Pesta penuh warna itu menjadi momen berbagi suka cita antara pemimpin dan rakyatnya. Kedua mempelai, Luthfa Taqwima Siagian, SH dan Adi Perdana Lubis, SH, M.Kn—yang sebelumnya menggelar resepsi di Medan—kini turut merayakan kebahagiaan mereka di tengah masyarakat Batu Bara, tanah kelahiran sang ayahanda.
Tak sekadar menjadi tuan rumah, Bupati Baharuddin Siagian benar-benar hadir sebagai bagian dari rakyatnya. Ia menyapa setiap tamu dengan hangat, ikut bergoyang diiringi musik daerah, dan larut dalam suasana penuh kegembiraan di tengah gemuruh tepuk tangan warga.
Nuansa budaya lokal begitu kental terasa. Sejak prosesi penyambutan mempelai dengan tarian sekapur sirih dan pencak silat, hingga atraksi reog dan debus yang mengguncang panggung hiburan. Musik tradisional dan modern berpadu mengisi udara Batu Bara dengan semangat dan tawa.

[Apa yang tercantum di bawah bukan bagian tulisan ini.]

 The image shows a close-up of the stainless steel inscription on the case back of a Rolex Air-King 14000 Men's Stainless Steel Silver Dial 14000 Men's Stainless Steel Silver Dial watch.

Tampak hadir para tokoh penting dari Kota Medan, seperti H. Nurdin Lubis, Dr. H. Eddy Syofian (Ketua Panitia resepsi di Medan), H. Fitriyus, Mayjen Saftana, Panji Wibisana, SH, MH, dan sejumlah tokoh lain dari berbagai lintas sektor. Dari kalangan pejabat Batu Bara, Wakil Bupati Syafrizal, SE, M.AP juga ikut hadir memberi doa dan restu bagi kedua mempelai.
Namun lebih dari sekadar pesta, perayaan ini memperlihatkan makna sejati kepemimpinan: merakyat, merangkul, dan membumi. Tak ada jarak antara sang pemimpin dan warganya. Di bawah tenda-tenda sederhana, kebahagiaan dibagi rata, tanpa sekat, tanpa protokol yang kaku.
Hari itu, Bupati Baharuddin Siagian tak hanya menikahkan putrinya, tapi juga menegaskan peran sebagai pemimpin yang hidup bersama rakyat—bukan di atas mereka. Ia hadir dalam senyum dan peluh rakyatnya, membuktikan bahwa cinta seorang pemimpin dapat dirayakan bersama, dalam nada musik, dalam hidangan sederhana, dan dalam pelukan hangat masyarakat yang mencintainya.